Les études de GWAS sur l’héritabilité du DT2 ont montré le rôle important du gène TCF7L2. Nous avons montré que plusieurs transcrits alternatifs de TCF7L2 avaient des effets distincts sur la prolifération et la sécrétion d’insuline des cellules-beta pancréatiques. TCF7L2 est aussi impliqué dans le métabolisme du glucose des cellules hépatiques (Norton 2011, Savic 2011), d’où l’intérêt d’analyser l’expression de TCF7L2 transcrits dans le foie.

Nous avons mesuré l’ARNm de TCF7L2 par PCR-quantitative exon-spécifique (d’après Prokunina-Olsson 2009) dans des échantillons de tissu hépatique de patients obèses de la cohorte ABOS (33 normoglycémiques et 31 DT2). Dans les cellules HepG2, nous avons étudié l’expression des gènes de la gluconéogenèse après diminution d’expression de TCF7L2 par siRNA. Nous avons également analysé les transcrits de TCF7L2 dans ces cellules cultivées avec différentes concentrations de glucose et d’insuline.

Notre analyse montre que les transcrits de TCF7L2 contenant le premier site d’initiation de la transcription (TSS1) sont plus exprimés dans le foie des patients diabétiques que chez les sujets normoglycémiques (augmentation 1,3-fois du rapport TSS1/exon 8, P=0,002). Grâce à la transfection d’ARNi dans les cellules HepG2, nous avons confirmé que la transcription de plusieurs gènes de la gluconéogenèse, dont G6Pase, est réprimée par TCF7L2. Dans les cellules HepG2 en présence de 1mM glucose, l’expression de toutes les transcrits de TCF7L2 contenant l’exon 8, dont les TSS1-transcrits, est augmentée d’environ 2 fois avec l’insuline (P=0,03).
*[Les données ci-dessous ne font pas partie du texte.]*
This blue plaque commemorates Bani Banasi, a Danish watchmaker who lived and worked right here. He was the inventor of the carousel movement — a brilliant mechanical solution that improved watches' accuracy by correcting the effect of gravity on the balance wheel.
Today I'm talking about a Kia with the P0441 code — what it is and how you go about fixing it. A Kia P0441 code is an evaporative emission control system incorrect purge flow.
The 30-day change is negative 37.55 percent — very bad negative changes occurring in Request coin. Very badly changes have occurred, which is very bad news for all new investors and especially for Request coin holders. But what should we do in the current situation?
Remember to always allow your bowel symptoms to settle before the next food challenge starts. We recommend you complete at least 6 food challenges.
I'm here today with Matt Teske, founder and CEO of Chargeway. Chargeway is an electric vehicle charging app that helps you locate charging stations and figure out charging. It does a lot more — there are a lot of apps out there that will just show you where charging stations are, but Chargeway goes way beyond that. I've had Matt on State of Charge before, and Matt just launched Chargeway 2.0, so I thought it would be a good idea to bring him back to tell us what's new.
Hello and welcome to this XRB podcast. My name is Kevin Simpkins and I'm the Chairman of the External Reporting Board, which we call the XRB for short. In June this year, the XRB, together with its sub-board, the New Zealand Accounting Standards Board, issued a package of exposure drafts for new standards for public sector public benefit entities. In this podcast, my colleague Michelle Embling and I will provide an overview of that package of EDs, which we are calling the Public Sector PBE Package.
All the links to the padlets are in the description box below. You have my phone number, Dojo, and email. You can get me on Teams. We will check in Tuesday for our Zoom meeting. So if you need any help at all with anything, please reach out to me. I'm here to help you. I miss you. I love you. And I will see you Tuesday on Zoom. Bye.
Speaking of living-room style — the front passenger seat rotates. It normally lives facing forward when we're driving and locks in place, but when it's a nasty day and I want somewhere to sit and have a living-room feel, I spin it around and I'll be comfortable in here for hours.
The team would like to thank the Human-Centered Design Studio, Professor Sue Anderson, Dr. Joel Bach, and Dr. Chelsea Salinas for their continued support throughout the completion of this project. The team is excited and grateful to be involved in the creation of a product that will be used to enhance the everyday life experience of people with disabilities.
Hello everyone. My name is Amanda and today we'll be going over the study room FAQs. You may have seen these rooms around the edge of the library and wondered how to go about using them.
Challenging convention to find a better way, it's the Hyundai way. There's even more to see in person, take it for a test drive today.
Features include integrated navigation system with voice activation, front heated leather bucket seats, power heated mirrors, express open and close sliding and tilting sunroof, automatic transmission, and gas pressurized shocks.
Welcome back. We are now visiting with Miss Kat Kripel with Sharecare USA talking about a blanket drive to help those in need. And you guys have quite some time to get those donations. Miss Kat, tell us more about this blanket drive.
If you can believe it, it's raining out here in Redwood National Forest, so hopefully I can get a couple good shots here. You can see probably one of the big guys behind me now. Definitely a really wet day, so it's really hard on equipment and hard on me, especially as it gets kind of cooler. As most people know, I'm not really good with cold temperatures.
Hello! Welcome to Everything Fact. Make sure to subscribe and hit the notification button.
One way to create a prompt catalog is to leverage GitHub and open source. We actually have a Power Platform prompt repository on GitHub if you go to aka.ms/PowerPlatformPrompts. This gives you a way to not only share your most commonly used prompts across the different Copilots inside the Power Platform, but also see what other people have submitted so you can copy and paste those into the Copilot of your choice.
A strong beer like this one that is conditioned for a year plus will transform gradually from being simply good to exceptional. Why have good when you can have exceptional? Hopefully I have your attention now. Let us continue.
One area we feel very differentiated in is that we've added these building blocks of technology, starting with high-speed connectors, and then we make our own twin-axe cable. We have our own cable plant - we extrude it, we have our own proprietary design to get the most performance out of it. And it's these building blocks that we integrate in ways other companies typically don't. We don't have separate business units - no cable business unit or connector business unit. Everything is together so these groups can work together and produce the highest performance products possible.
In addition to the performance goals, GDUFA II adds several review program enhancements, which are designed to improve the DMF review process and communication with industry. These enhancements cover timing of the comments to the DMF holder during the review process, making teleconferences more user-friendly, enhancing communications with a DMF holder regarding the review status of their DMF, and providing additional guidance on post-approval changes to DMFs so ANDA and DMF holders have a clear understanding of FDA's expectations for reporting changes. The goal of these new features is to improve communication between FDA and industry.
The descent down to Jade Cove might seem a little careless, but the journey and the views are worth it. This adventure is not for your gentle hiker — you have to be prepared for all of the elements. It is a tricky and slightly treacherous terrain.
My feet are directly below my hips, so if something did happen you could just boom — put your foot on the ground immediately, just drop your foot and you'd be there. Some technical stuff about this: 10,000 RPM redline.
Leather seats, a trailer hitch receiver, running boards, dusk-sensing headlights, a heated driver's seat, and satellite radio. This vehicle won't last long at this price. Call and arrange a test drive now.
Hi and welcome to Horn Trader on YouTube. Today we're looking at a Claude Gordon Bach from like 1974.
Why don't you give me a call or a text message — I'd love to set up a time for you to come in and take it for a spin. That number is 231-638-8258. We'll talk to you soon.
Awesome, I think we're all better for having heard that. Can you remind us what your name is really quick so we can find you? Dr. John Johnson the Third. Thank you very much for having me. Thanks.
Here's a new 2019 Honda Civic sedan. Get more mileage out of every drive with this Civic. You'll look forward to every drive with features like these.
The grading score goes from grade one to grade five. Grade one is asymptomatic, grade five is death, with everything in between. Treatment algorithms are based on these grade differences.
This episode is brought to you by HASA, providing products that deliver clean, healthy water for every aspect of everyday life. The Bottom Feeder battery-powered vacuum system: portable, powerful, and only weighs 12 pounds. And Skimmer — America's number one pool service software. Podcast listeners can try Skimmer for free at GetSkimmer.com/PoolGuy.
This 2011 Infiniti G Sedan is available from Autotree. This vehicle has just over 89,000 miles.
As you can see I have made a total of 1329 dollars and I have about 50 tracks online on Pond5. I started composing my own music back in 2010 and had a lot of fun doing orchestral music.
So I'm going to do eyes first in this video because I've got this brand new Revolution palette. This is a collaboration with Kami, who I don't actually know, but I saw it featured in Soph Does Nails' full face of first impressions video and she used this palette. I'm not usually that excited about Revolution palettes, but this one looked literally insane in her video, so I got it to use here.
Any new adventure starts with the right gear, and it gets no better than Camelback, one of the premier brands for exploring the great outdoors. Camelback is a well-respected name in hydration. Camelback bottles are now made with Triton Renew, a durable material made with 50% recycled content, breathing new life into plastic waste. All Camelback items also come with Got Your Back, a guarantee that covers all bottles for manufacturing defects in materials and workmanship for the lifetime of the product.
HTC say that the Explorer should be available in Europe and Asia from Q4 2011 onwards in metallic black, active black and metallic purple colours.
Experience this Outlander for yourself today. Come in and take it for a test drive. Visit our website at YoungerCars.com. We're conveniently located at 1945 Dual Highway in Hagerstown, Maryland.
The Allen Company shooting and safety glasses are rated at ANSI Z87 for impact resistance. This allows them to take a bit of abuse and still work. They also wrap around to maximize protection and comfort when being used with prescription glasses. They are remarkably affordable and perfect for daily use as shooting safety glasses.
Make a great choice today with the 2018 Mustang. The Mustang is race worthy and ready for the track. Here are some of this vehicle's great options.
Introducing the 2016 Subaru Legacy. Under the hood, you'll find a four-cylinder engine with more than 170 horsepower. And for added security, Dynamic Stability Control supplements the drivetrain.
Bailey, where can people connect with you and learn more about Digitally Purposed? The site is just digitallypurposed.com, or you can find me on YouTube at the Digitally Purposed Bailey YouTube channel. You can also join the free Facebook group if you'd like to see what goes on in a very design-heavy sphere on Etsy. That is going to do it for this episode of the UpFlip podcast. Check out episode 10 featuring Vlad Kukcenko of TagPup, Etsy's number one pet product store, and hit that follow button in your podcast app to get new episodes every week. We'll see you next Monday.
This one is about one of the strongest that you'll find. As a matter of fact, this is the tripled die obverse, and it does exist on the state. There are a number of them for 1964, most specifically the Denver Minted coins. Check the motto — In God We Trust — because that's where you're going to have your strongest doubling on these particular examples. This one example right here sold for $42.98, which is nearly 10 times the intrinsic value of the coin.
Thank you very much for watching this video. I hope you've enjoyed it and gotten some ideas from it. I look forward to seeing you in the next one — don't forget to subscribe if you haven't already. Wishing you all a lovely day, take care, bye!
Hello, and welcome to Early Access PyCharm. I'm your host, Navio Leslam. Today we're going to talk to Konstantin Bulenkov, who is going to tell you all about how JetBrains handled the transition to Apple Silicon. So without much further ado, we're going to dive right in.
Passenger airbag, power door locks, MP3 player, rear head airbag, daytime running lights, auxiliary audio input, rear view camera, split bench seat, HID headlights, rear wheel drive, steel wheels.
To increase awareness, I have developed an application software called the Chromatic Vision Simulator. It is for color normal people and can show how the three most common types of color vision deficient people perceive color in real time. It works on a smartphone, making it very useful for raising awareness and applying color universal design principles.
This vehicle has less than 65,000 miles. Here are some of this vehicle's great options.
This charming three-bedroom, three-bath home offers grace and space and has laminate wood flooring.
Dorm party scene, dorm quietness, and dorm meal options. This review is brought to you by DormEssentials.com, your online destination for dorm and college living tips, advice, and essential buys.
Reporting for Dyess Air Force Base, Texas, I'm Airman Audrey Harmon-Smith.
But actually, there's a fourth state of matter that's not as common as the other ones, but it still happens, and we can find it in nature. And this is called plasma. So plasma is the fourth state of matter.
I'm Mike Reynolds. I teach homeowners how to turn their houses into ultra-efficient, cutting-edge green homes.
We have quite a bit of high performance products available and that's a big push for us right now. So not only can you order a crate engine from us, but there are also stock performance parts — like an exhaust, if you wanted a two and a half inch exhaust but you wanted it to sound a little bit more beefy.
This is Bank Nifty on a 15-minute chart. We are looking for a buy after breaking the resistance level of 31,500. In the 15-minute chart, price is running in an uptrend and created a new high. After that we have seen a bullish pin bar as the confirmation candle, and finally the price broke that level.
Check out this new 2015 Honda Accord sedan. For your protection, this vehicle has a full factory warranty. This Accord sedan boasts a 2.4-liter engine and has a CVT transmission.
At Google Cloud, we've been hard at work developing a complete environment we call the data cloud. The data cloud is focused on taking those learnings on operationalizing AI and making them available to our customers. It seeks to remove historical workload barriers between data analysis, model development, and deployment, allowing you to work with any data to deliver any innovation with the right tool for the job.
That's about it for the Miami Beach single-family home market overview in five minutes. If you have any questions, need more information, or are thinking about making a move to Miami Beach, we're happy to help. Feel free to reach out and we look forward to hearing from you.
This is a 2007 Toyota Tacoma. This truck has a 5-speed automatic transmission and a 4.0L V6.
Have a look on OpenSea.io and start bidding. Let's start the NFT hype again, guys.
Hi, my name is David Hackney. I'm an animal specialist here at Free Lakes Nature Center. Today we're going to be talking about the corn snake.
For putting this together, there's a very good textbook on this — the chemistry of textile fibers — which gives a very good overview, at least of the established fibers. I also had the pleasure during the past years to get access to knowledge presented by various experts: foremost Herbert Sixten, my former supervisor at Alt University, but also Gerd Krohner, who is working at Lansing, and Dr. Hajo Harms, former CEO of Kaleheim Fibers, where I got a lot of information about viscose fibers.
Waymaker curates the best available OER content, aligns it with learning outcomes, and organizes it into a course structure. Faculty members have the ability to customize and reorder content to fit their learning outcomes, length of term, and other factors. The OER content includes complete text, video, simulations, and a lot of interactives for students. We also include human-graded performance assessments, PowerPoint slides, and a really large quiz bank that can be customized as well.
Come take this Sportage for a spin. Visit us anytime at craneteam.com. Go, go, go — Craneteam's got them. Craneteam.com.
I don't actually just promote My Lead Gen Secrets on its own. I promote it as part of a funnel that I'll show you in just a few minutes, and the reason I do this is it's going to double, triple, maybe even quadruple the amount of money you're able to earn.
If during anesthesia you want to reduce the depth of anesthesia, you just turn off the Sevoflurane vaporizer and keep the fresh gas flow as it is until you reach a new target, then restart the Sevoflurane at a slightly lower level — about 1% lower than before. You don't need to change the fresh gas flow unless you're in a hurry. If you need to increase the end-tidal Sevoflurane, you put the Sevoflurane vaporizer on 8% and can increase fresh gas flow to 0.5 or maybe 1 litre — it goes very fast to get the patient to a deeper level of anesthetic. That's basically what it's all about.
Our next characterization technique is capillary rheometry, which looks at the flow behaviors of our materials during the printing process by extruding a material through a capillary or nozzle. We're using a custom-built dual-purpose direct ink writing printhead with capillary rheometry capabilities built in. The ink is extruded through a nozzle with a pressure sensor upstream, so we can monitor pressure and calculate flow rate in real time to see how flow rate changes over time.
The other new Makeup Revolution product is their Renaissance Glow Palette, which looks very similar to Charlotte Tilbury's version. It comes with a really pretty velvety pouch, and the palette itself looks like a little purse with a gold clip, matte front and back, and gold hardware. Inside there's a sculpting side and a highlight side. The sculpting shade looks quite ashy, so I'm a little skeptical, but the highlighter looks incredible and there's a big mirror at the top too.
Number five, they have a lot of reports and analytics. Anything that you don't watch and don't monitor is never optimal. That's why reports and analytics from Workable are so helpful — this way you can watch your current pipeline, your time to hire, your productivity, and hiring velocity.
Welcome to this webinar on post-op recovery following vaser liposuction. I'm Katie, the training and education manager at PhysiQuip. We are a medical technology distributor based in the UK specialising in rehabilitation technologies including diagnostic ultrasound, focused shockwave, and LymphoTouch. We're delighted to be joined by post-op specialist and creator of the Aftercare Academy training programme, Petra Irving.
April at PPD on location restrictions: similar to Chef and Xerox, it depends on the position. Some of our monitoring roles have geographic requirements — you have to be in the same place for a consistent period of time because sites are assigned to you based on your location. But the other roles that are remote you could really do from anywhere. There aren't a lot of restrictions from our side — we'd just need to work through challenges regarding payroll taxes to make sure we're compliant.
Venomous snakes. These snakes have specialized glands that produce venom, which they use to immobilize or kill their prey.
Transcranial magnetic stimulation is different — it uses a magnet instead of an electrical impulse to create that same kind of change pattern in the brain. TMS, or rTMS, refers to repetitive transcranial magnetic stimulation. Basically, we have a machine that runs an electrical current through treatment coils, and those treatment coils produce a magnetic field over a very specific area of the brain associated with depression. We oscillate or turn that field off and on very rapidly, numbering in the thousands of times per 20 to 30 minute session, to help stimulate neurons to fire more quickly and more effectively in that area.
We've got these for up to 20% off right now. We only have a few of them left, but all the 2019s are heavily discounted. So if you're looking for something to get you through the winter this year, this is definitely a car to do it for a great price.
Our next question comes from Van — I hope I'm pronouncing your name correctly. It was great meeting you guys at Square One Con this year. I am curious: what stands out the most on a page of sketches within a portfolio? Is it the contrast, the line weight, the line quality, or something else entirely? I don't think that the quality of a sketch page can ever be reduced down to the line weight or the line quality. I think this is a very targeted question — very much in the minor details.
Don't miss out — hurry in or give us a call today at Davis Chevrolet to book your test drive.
D’autre part, le rapport TSS1/exon 8 est toujours augmenté par l’insuline dans les cellules HepG2 cultivées avec 1mM, 5mM ou 11mM glucose.

Nous avons démontré que différents transcrits de TCF7L2 sont induits par l’insuline et par un environnement diabétogène dans les hépatocytes. Ceci suggère que ces transcrits alternatifs pourraient jouer un rôle important dans les anomalies du métabolisme hépatique du glucose dans le DT2.